The Article 14 (Right to Equality), read with Article 19(Right to Freedom), Article 25(Freedom of Religion), Art 21 (Protection of life and personal liberty) are among the fundamental rights of citizen’s listed in the Part III of the constitution. Remedies for enforcement of these rights are judicial and embodied in Article 32 which gives the Citizen the right to move to the Supreme Court by appropriate proceedings for the enforcement of these rights is guaranteed. Under Article 32, ‘The Citizens are entitled to relief provided it is shown to the satisfaction of the Court that the fundamental rights of the citizens had been violated. The issuance writs, meaning orders by the Supreme Court or the High Courts under Article 226 is the form of such orders depending on the nature of the case. These writs are in the nature of ‘habeas corpus’, that is requiring the authority to produce a detainee, mandamus that is to compel performance of a Statutory duty of public nature when such an authority refuses to perform it, ‘quo warranto – to prevent a public office being held by a person without legal authority and Certiorari meaning demand for information that may lead to judicial review of administrative action.
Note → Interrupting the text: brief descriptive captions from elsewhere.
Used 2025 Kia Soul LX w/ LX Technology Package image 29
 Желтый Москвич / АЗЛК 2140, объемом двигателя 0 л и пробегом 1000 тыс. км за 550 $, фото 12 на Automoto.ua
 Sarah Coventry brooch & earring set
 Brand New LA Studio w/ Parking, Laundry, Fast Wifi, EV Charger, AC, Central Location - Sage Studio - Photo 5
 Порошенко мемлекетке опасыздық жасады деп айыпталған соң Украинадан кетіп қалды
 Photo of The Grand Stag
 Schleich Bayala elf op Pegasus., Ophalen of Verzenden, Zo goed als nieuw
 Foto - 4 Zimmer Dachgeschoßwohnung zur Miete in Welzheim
Together these constitute in simple language the ‘writ jurisdiction’ of the Supreme Court and the High Courts (Note: The Courts subordinate to the High Courts do not enjoy this jurisdiction) and the scheme of Judicial Review under Article 32 and 226 of the Constitution.

Further Art 141 lays down that “the law declared by the Supreme Court shall be binding on all courts” which means law made while interpreting the statutes. . The orders might contain many observations and not all these comments would have “precedential” value, but only enunciation of law by the court on issues directly raised or arising of the application of law to a particular case expressed in Latin as ‘ratio decidendi’ which will be treated as binding precedent and hence a judge made law.

A reader may ask why such use of Latin expression? 

The answer is that for historical reasons only two systems of jurisprudence have proved outstanding for adoption, namely the ‘Civil Law of Rome’ and the ‘Common Law of England’ and often intertwined especially in matters of procedure and hence the use of Latin words. In continental Europe, Latin America and Japan and even Scotland, Roman law is followed whereas in all countries which for sometime came under the British Rule seem to have adopted the Common Law of England.

Reverting to the role of the Supreme Court, we must note that while under Art 142 the Supreme Court enjoys unfettered independent jurisdiction to pass any order in public interest to do complete justice, under Art 143the President has the power to consult Supreme Court “on a question of Law or Fact” which is of such ‘Public Interest’ that the President feels it expedient to obtain the opinion of the Supreme Court and on receiving such a Presidential reference, “ the Supreme Court may after such hearings as it thinks fit , report to the President its opinion thereon”. Art 144 lays down all authorities, Civil and Judicial shall act in aid of the Supreme Court.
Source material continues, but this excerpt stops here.